# Confirmed it's the 2009 Madone



## zac (Aug 5, 2005)

Just got off the phone with my LBS, it is confirmed. Mine is the 2009 frame. My LBS was told to wait until he gets to Waterloo. Can't be too much of a secret, as the new frames have been filtering out for several weeks now. Recall mine arrived at the LBS in late June.

zac


----------



## jsedlak (Jun 17, 2008)

Niiiiiiiiiiiiiiiiiiiiiiiiiiiiiiiice.


----------



## PJ352 (Dec 5, 2007)

zac said:


> Just got off the phone with my LBS, it is confirmed. Mine is the 2009 frame. My LBS was told to wait until he gets to Waterloo. Can't be too much of a secret, as the new frames have been filtering out for several weeks now. Recall mine arrived at the LBS in late June.
> zac


IIRC the early versions of OCLV red Madone framesets were 200 g's lighter than black. Then as time went on and production ramped up, the reds gained a few grams (like 120) to regain that signature Trek ride (and maybe some added durability, but who knows...)

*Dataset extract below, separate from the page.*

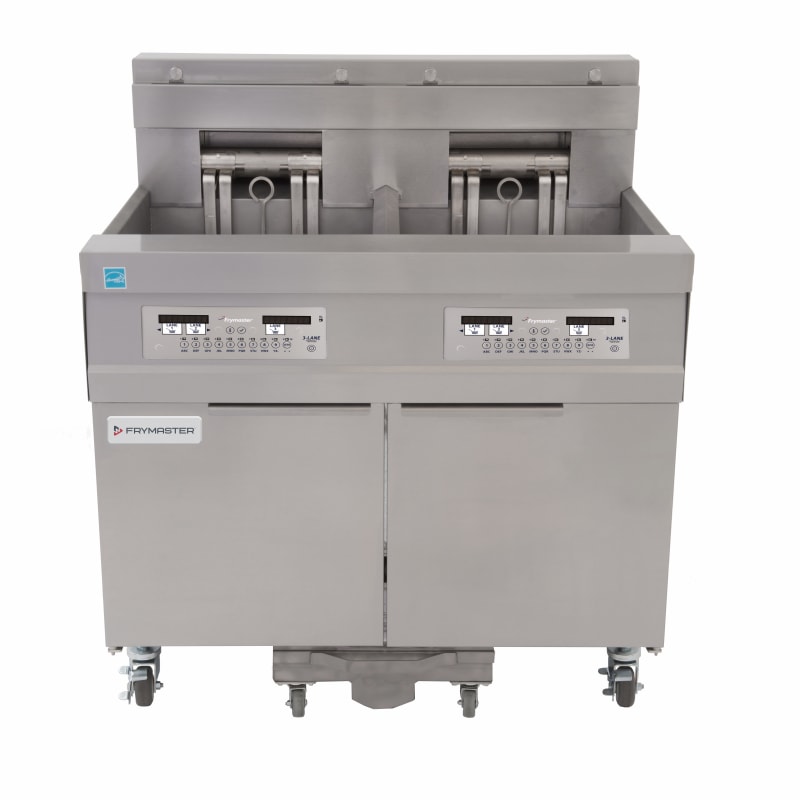 Frymaster 21814EF 120 lb. Open-Pot Electric Floor Deep Fryer, 2-Pot, 208V/3-Phase, w/ CM3.5 Controller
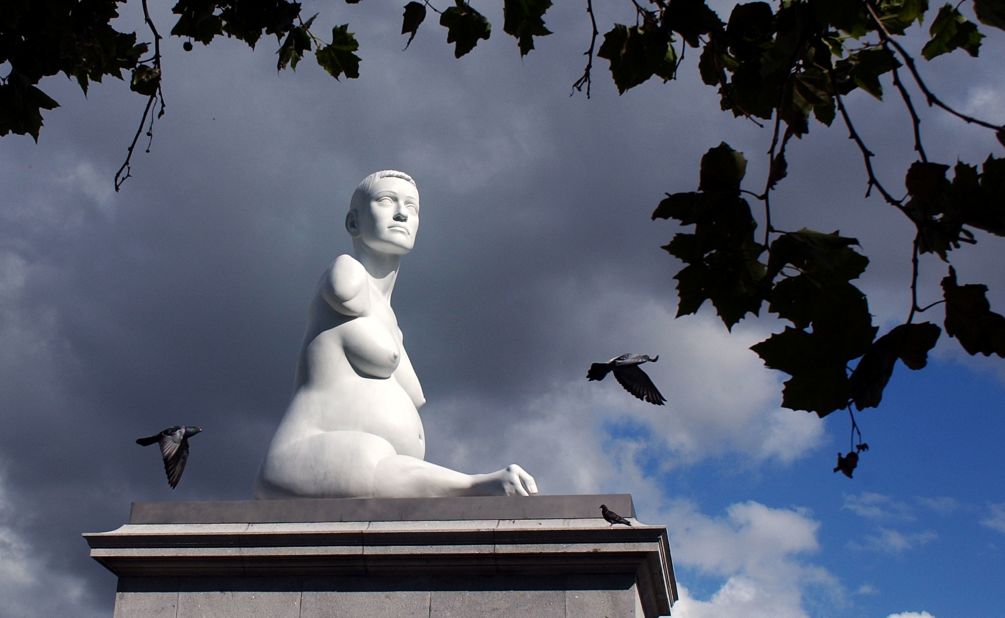 The marble sculpture by British artist Marc Quinn entitled 'Alison Lapper Pregnant' was the first artwork to fill the vacant plinth in the northwest of Trafalgar Square. The statue unveiled in September 2005 is a portrait of disabled artist Alison Lapper, who is portrayed naked and eight months pregnant. The sculpture measured 12 feet high and weighed 13 tons.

Where I'm going with this is... If you had your almost prototype 6.5 weighed at some point, I'd be curious what, if any weight difference there is between it and your new ride. This of course assumes that ALL components were swapped over. I know the fork was because you mentioned it elsewhere.

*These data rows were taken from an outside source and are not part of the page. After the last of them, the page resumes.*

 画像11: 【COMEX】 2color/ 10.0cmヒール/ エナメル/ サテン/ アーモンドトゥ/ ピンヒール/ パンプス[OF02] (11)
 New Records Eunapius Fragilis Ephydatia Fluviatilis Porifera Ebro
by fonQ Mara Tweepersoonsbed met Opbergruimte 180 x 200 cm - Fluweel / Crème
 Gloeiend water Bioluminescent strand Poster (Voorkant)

Any thoughts? Any way to verify?


----------



## zac (Aug 5, 2005)

PJ352 said:


> IIRC the early versions of OCLV red Madone framesets were 200 g's lighter than black. Then as time went on and production ramped up, the reds gained a few grams (like 120) to regain that signature Trek ride (and maybe some added durability, but who knows...)
> 
> Where I'm going with this is... If you had your almost prototype 6.5 weighed at some point, I'd be curious what, if any weight difference there is between it and your new ride. This of course assumes that ALL components were swapped over. I know the fork was because you mentioned it elsewhere.
> 
> Any thoughts? Any way to verify?


Sure, I will have to get it on the scale. The ride still feels the same. There are a few changes, but shouldn't have too much of an inpact, and certainly nothing that I cannot account for. 120grams is going to show up on the scale.

I'll post when I know.

zac


----------



## zac (Aug 5, 2005)

Well same scale, different cassette, tires, tubes.

15.54 lbs. - 2008 Madone 6.5Pro, 56cm, D/A pedals, D/A 12-23 cassette, Bonty RL cages, Bonty RXL clincher wheels, Bonty RXL tires/tubes (stock).

15.51 lbs. - 2009 Madone 6.5Pro, 56cm, D/A pedals, D/A 11-21 cassette, Bonty RL cages, Bonty RXL clincher wheels, Miche Pro3 tires/Aircomp A1 tubes.

The Miche Pro3 tires are lighter than the Bonty RXLs but the Miche tubes are heavier. The weight corresponds okay. I think the 11-21 cassette is actually heavier than the 12-23 as the 12-23 has more titanium bits (with 5 ti sprockets, as opposed to 4 on the 11-21). The weight difference is about 1/2 ounce or 14 grams. 

So I am not seeing a ~120g difference.

HTH
zac


----------



## PJ352 (Dec 5, 2007)

zac said:


> Well same scale, different cassette, tires, tubes.
> 
> 15.54 lbs. - 2008 Madone 6.5Pro, 56cm, D/A pedals, D/A 12-23 cassette, Bonty RL cages, Bonty RXL clincher wheels, Bonty RXL tires/tubes (stock).
> 
> ...


Good info, thanks for posting! :thumbsup:


----------